**Prompt:** Up through the line that contains "Fleer Patchworks Albert", retype the entries exactly, beginning at the very first line.

+ + + + +

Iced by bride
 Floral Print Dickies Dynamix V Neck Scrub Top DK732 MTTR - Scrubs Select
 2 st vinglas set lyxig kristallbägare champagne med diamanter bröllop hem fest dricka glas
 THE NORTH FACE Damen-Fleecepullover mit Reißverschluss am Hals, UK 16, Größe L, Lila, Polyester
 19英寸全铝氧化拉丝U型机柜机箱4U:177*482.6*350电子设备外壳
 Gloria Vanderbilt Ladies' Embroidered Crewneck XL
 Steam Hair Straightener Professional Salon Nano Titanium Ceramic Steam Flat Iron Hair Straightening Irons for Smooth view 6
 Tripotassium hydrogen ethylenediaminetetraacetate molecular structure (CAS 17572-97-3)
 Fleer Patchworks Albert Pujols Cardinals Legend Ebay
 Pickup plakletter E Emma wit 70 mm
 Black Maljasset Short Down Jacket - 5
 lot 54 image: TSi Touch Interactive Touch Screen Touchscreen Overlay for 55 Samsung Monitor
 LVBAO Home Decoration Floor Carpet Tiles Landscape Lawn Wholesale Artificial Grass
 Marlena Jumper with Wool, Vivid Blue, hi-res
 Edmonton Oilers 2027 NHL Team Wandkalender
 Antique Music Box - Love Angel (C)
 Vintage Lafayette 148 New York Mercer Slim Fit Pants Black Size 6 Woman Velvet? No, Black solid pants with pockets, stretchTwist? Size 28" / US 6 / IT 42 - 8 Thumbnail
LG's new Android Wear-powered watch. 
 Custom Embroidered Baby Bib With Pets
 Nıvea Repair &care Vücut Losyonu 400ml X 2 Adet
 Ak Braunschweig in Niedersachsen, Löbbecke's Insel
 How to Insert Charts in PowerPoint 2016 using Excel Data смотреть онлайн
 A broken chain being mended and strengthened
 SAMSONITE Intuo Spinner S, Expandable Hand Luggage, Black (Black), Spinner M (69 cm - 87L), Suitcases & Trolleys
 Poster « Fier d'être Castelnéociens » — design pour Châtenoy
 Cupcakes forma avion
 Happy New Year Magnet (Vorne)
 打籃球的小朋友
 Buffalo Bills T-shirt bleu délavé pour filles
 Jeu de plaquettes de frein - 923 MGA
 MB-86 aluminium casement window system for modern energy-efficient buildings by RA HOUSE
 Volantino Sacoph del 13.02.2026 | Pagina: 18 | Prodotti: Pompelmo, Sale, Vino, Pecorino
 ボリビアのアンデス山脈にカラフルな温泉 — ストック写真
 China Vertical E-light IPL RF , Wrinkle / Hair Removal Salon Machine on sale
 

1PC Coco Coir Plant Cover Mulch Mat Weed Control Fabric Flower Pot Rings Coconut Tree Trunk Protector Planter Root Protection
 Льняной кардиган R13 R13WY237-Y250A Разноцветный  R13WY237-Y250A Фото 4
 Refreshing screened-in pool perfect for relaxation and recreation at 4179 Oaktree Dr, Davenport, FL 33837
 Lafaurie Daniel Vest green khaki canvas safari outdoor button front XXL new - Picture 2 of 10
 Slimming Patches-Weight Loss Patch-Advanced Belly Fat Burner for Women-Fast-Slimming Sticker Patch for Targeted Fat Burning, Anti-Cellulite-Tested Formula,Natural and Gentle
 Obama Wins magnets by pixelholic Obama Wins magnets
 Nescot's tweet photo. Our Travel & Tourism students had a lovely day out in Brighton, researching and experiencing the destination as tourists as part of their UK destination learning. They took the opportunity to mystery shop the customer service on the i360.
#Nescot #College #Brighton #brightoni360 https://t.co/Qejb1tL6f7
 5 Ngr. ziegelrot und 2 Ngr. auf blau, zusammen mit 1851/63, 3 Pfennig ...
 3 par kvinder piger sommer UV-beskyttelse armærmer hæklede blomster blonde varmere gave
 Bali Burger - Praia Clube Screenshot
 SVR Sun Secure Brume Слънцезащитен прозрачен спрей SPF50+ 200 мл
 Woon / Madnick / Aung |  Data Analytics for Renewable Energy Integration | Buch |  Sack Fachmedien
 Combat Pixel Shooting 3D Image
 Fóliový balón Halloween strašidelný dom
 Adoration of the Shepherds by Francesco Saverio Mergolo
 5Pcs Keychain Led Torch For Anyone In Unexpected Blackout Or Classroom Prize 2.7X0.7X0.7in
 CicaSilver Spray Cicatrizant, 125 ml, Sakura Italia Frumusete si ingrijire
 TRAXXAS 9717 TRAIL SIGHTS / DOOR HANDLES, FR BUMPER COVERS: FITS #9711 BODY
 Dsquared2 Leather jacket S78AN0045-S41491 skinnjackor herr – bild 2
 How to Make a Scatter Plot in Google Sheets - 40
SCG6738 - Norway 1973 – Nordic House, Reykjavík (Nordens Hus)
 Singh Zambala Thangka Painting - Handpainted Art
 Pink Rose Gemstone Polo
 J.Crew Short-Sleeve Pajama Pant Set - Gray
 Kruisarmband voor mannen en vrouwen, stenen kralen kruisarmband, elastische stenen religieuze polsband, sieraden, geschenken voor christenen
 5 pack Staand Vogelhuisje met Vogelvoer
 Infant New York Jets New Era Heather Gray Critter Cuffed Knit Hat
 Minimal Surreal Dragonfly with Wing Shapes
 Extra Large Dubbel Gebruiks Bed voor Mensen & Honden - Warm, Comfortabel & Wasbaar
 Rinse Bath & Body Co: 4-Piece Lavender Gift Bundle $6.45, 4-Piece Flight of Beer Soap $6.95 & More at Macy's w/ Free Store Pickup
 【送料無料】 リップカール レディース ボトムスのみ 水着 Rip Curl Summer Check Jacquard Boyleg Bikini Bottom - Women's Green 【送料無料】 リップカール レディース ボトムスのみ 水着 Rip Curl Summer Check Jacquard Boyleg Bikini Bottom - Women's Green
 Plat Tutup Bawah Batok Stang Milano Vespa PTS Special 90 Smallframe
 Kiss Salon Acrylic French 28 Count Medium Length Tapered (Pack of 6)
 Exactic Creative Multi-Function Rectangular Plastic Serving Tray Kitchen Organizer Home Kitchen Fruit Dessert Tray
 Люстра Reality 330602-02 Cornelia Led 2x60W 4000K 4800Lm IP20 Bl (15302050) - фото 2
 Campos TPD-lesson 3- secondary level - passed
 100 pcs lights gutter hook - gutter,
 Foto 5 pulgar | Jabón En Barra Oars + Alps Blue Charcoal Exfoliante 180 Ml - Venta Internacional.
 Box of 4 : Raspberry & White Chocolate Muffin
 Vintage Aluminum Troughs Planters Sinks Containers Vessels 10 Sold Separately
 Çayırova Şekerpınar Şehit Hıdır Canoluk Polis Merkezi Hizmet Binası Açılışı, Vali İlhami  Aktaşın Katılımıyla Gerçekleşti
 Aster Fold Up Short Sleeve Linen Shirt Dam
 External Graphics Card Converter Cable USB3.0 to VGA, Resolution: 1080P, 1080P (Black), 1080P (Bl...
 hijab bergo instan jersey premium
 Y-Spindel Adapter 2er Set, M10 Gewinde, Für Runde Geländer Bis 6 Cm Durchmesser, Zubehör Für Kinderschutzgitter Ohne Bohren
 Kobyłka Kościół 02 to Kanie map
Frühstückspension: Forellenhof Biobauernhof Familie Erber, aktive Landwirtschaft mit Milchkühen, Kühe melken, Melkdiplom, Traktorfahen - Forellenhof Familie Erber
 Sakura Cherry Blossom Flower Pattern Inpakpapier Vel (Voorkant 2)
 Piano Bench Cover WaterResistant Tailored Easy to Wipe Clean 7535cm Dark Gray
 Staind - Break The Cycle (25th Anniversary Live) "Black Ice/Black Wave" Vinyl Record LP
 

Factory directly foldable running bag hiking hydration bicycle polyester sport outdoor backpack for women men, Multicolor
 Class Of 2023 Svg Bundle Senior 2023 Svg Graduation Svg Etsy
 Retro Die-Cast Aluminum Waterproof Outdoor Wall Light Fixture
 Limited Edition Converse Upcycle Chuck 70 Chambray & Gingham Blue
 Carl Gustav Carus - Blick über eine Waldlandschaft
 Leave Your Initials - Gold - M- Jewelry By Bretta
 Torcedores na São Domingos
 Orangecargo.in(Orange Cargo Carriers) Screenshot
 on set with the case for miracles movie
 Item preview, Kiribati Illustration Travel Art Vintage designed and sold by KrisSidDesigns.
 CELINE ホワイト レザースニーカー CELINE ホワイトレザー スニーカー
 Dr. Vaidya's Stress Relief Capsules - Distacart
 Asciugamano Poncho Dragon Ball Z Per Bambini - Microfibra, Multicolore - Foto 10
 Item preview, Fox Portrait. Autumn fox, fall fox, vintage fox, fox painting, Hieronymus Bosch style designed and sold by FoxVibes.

+ + + + +

**Answer to the problem:**
Iced by bride
 Floral Print Dickies Dynamix V Neck Scrub Top DK732 MTTR - Scrubs Select
 2 st vinglas set lyxig kristallbägare champagne med diamanter bröllop hem fest dricka glas
 THE NORTH FACE Damen-Fleecepullover mit Reißverschluss am Hals, UK 16, Größe L, Lila, Polyester
 19英寸全铝氧化拉丝U型机柜机箱4U:177*482.6*350电子设备外壳
 Gloria Vanderbilt Ladies' Embroidered Crewneck XL
 Steam Hair Straightener Professional Salon Nano Titanium Ceramic Steam Flat Iron Hair Straightening Irons for Smooth view 6
 Tripotassium hydrogen ethylenediaminetetraacetate molecular structure (CAS 17572-97-3)
 Fleer Patchworks Albert Pujols Cardinals Legend Ebay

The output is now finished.